*** Recorded data
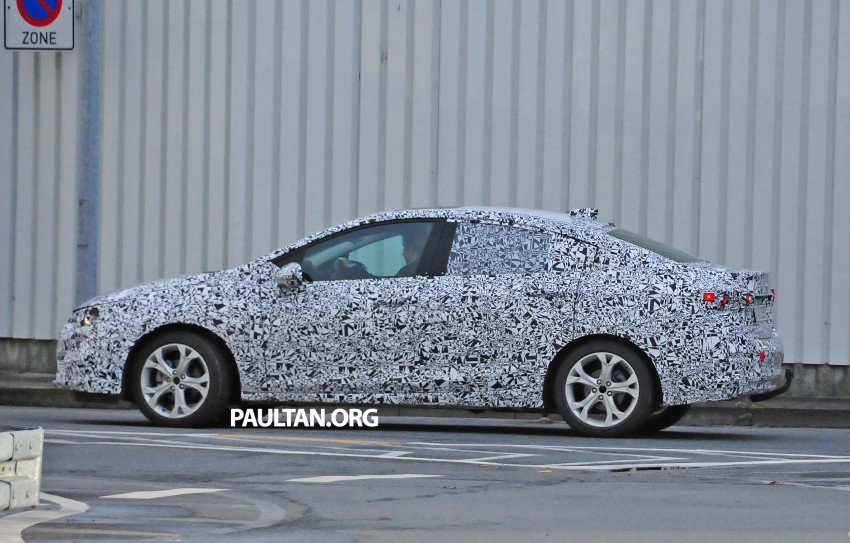 SPIED: Is this yet another new Chevrolet Cruze? 306409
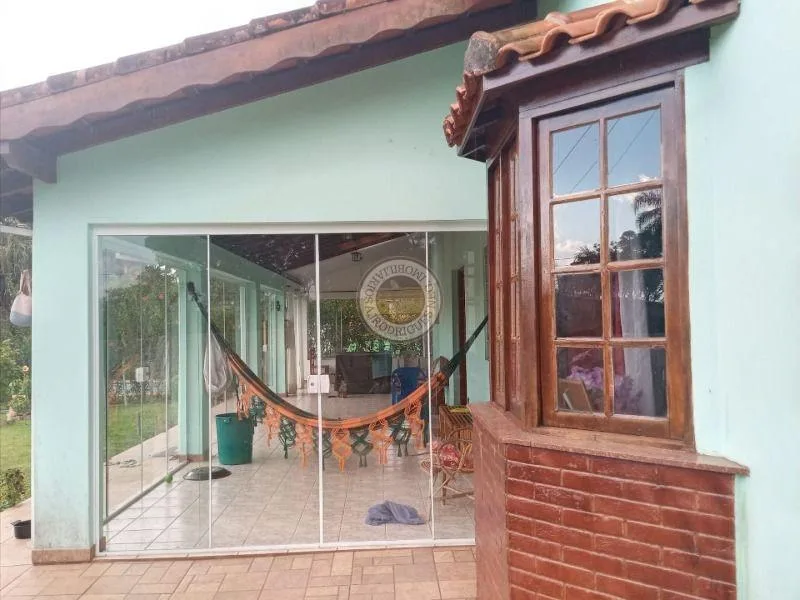 Casa para Venda em Mairinque, Oriental, 4 dormitórios, 4 suítes, 5 banheiros, 4 vagas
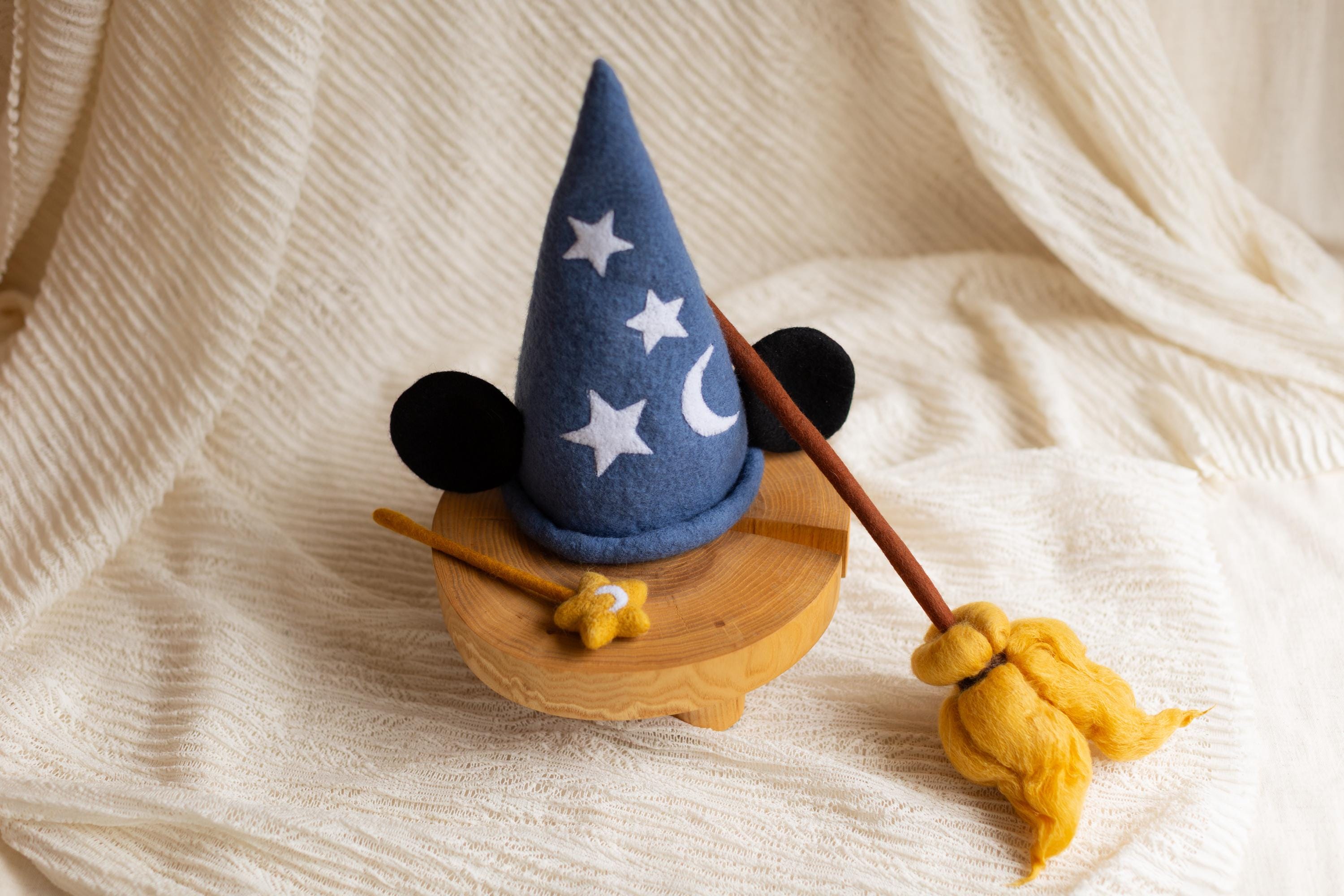 Newborn Magic Wizard Costume Cartoon Photo Props, Felted Wool Sorcerer Hat with Broom and Magic Star Wand, Baby Halloween Holiday Photoshoot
******
**Aim of the task:** Quote the material exactly. Pictures stay out.

**Solution for this exercise:**
 SPIED: Is this yet another new Chevrolet Cruze? 306409
 Casa para Venda em Mairinque, Oriental, 4 dormitórios, 4 suítes, 5 banheiros, 4 vagas
 Newborn Magic Wizard Costume Cartoon Photo Props, Felted Wool Sorcerer Hat with Broom and Magic Star Wand, Baby Halloween Holiday Photoshoot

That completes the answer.